(Entries provided)
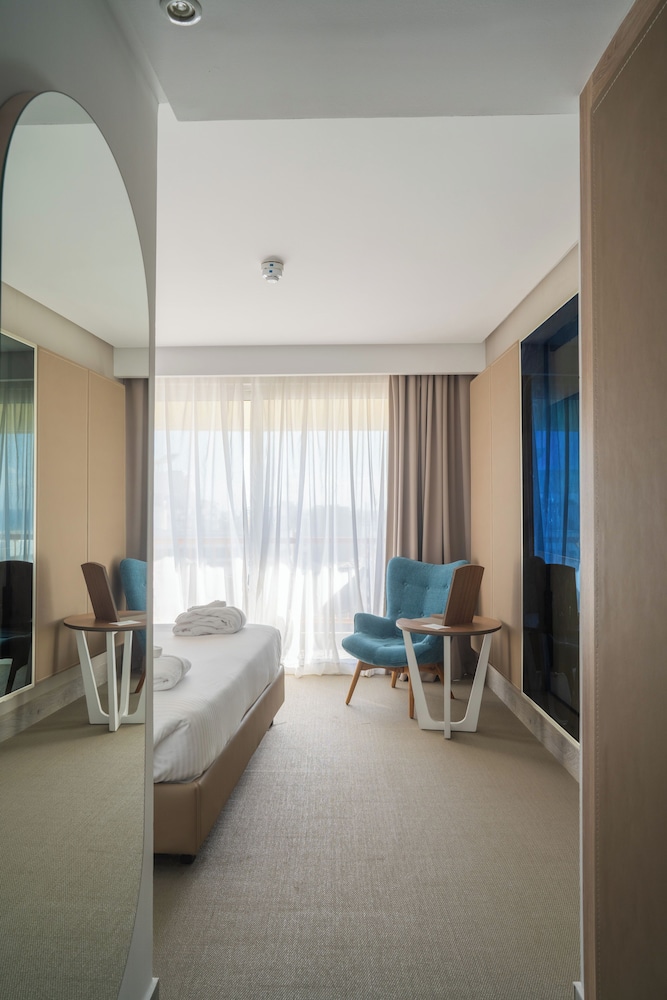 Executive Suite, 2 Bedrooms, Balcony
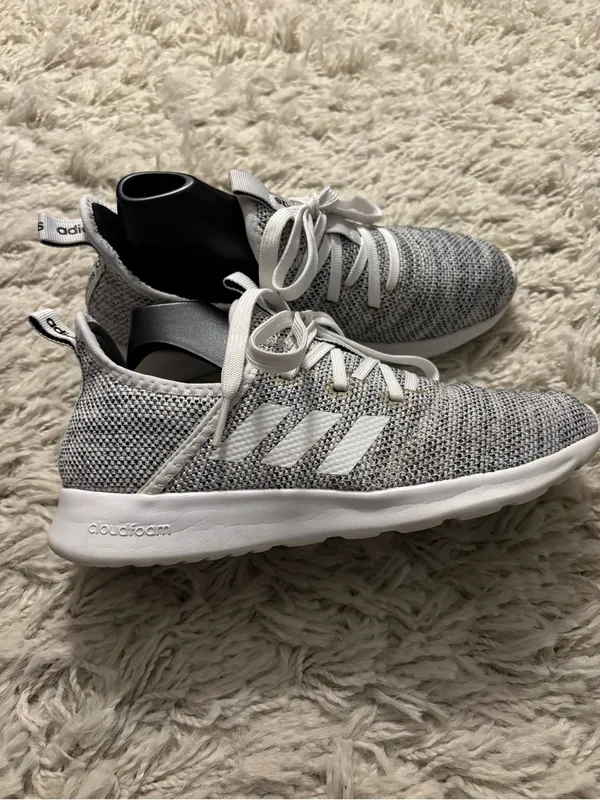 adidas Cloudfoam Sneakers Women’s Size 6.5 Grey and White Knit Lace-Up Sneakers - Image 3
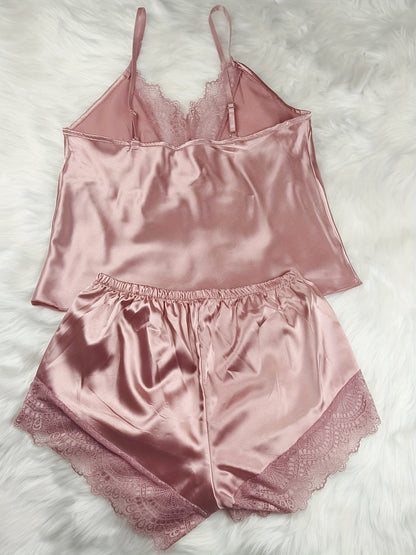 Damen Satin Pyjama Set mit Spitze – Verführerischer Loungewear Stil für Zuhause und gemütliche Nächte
(End Entries provided)
(Entries provided)
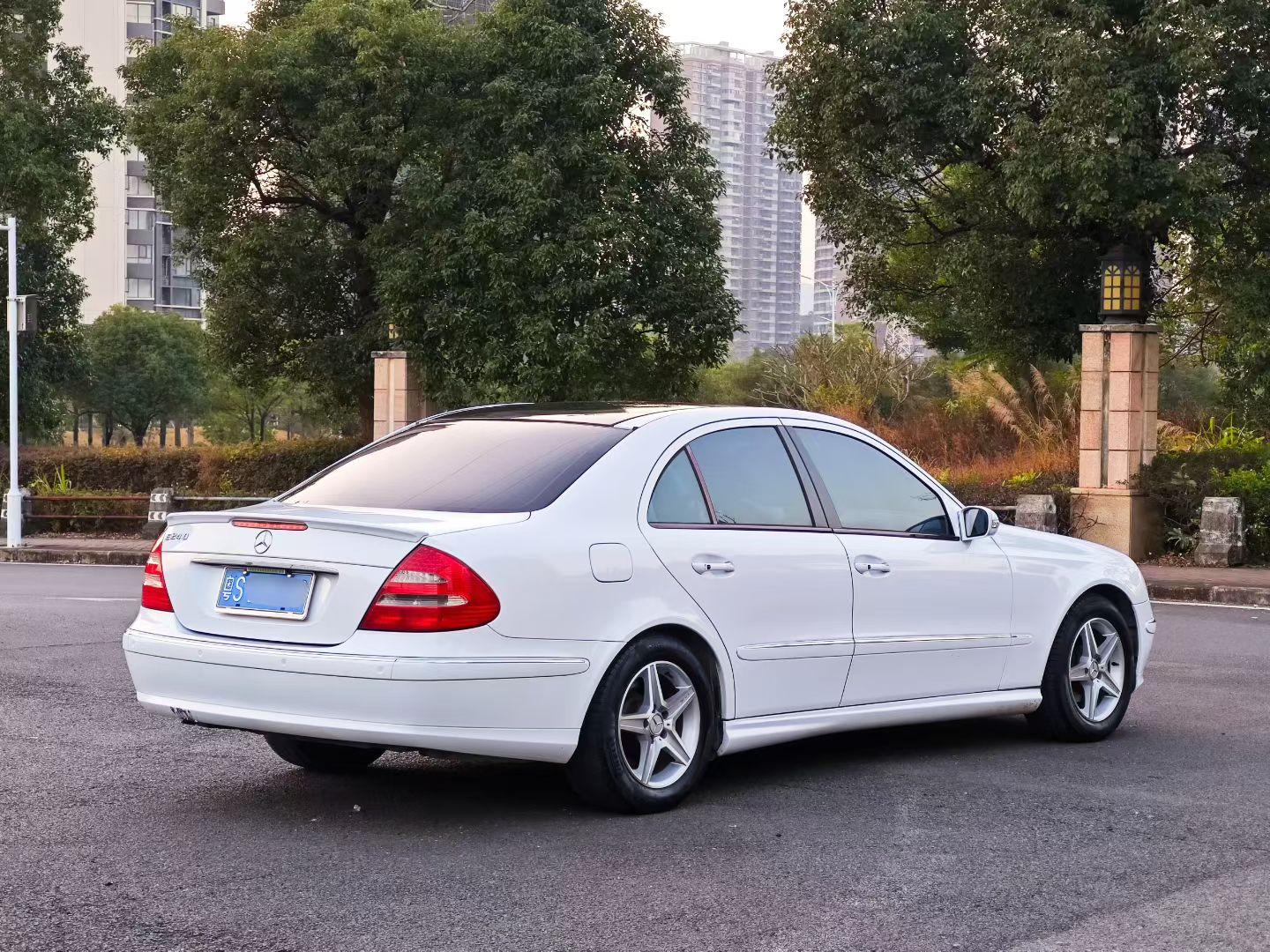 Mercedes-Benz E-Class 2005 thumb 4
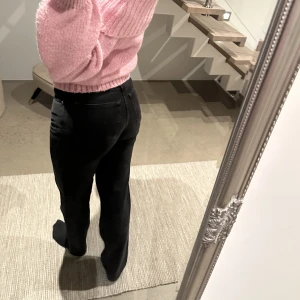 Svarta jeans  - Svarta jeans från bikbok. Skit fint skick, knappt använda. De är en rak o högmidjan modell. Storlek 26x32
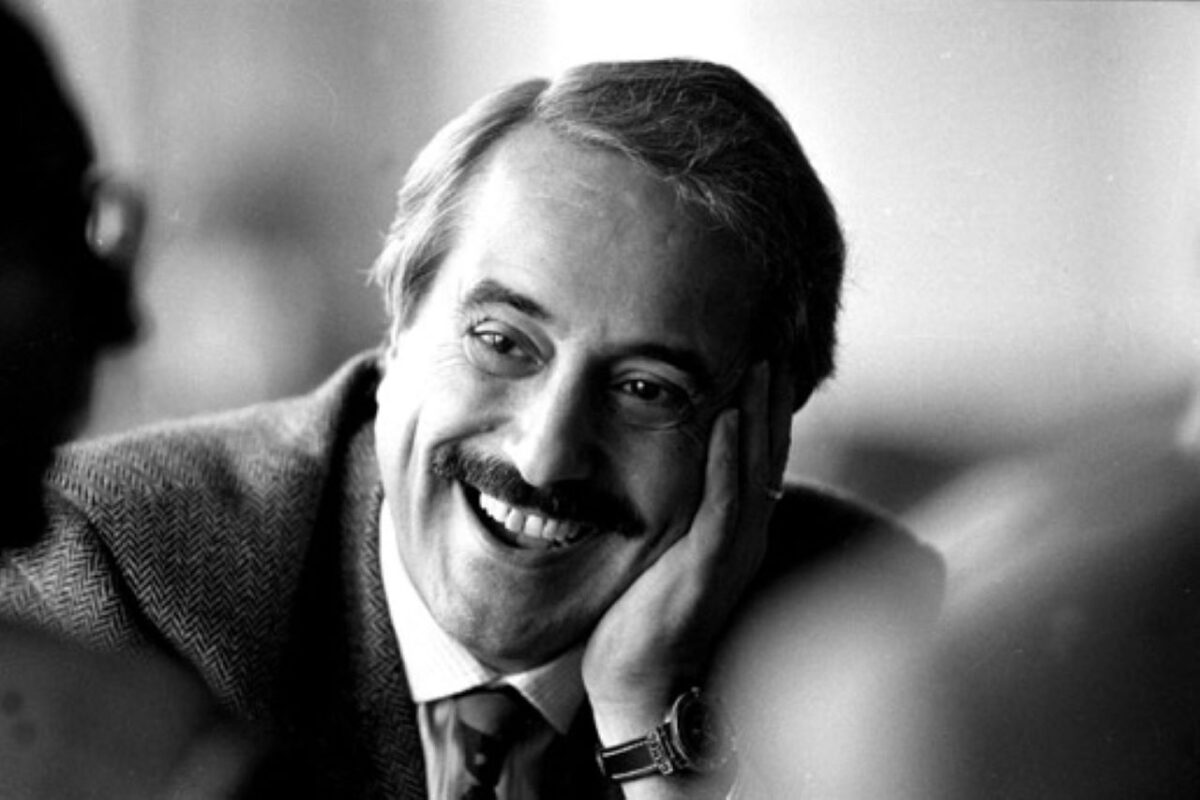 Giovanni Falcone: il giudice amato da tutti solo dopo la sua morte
(End Entries provided)
Exercise brief:
In the data above, find the line containing "Executive Suite, 2 Bedrooms, Balcony" and the line containing "Damen Satin Pyjama". Repeat those two lines and everything between them exactly, minus the pictures.

Finished exercise:
 Executive Suite, 2 Bedrooms, Balcony
 adidas Cloudfoam Sneakers Women’s Size 6.5 Grey and White Knit Lace-Up Sneakers - Image 3
 Damen Satin Pyjama Set mit Spitze – Verführerischer Loungewear Stil für Zuhause und gemütliche Nächte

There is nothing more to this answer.